Stating that the ever-growing global population highlighted the importance of food security, the letter stressed that changes were already happening and farms were being run in ever more climate friendly ways: “This is through various methods; from the machines we use, right down to the way we treat our soils in order to lock in more carbon. Regenerative farming measures, such as minimum tillage, rotational grazing, cover crops, buffer zones to encourage wildlife and the use of GPS are only a few examples of some of the ways that farmers are taking advantage of new methods and technologies.”

But fears were raised over the way in which the industry was often portrayed: “Far too often, figures which have no connection to the industry here in Scotland are used in the press to describe our practices.
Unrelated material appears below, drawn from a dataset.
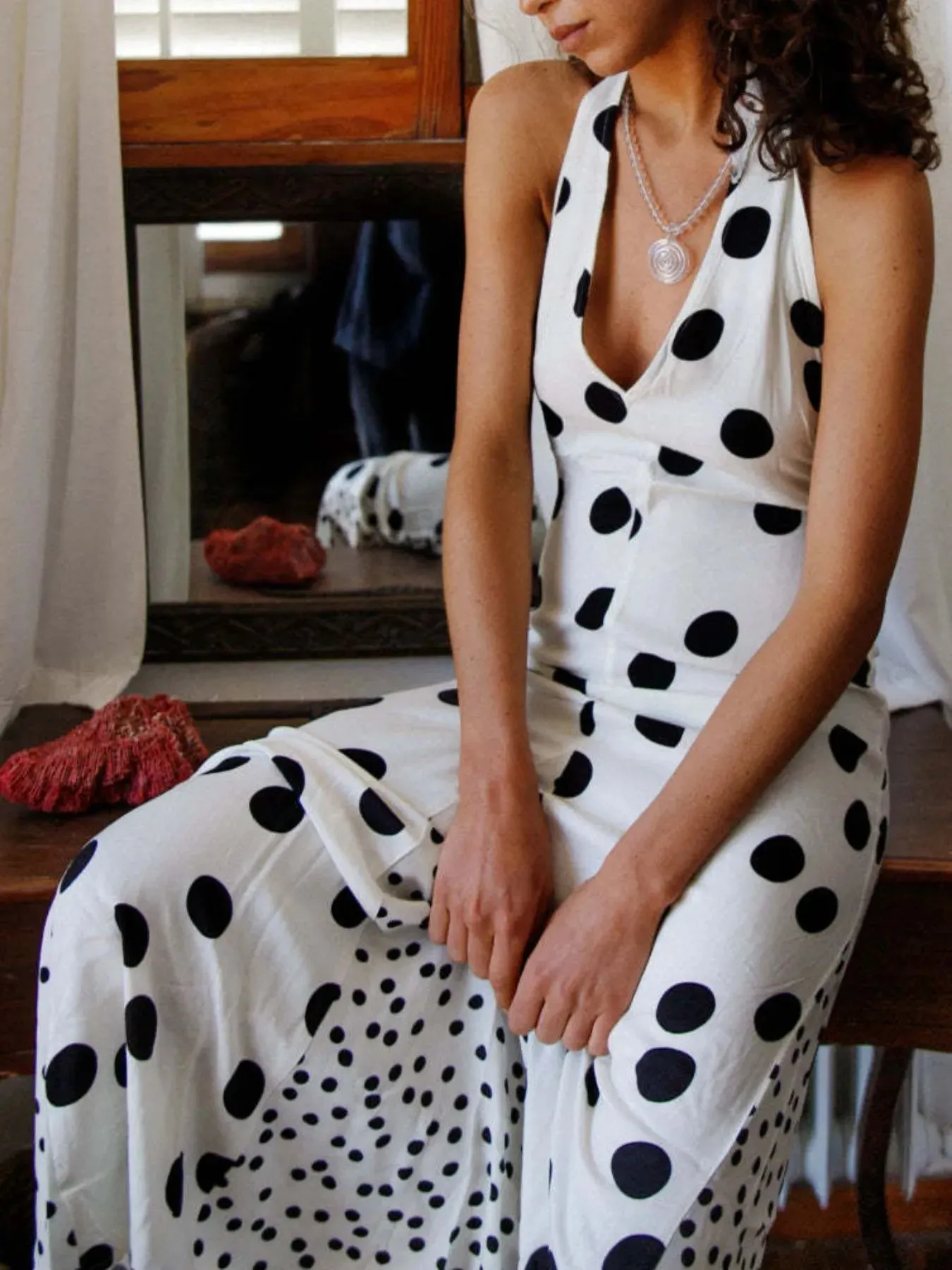 Backless Halter Neck Polka Dot Maxi Dress sold by Charming Charlie product image thumbnail 3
This not only has a detrimental impact on farming’s morale, but it also gives the public a tainted view about the food they eat and how it is produced.”

The document also commented on changing land use – and the effect which this was having on the opportunities for the younger generation: “Whilst we are enthusiastic about the opportunities for integrated agroforestry, and using trees as part of sustainable production systems, we are concerned that the current levels of tree planting on productive areas of land is leading to an unsustainable rise in land prices which will lock new entrants out of accessing the industry.”

Acknowledging that the challenge was not a new one, the organisations said that exploring policy which could facilitate generational renewal across the country’s farms and crofts would be critical to the industry’s climate change success.

The role of the unregulated sale of land for carbon credits was also criticised, with the authors claiming that such an approach did little to encourage green lairds to address the root cause of their emissions: “Large companies are utilising Scottish Food and Farming’s land base to offset their emissions, rather than look for ways to reduce them themselves.”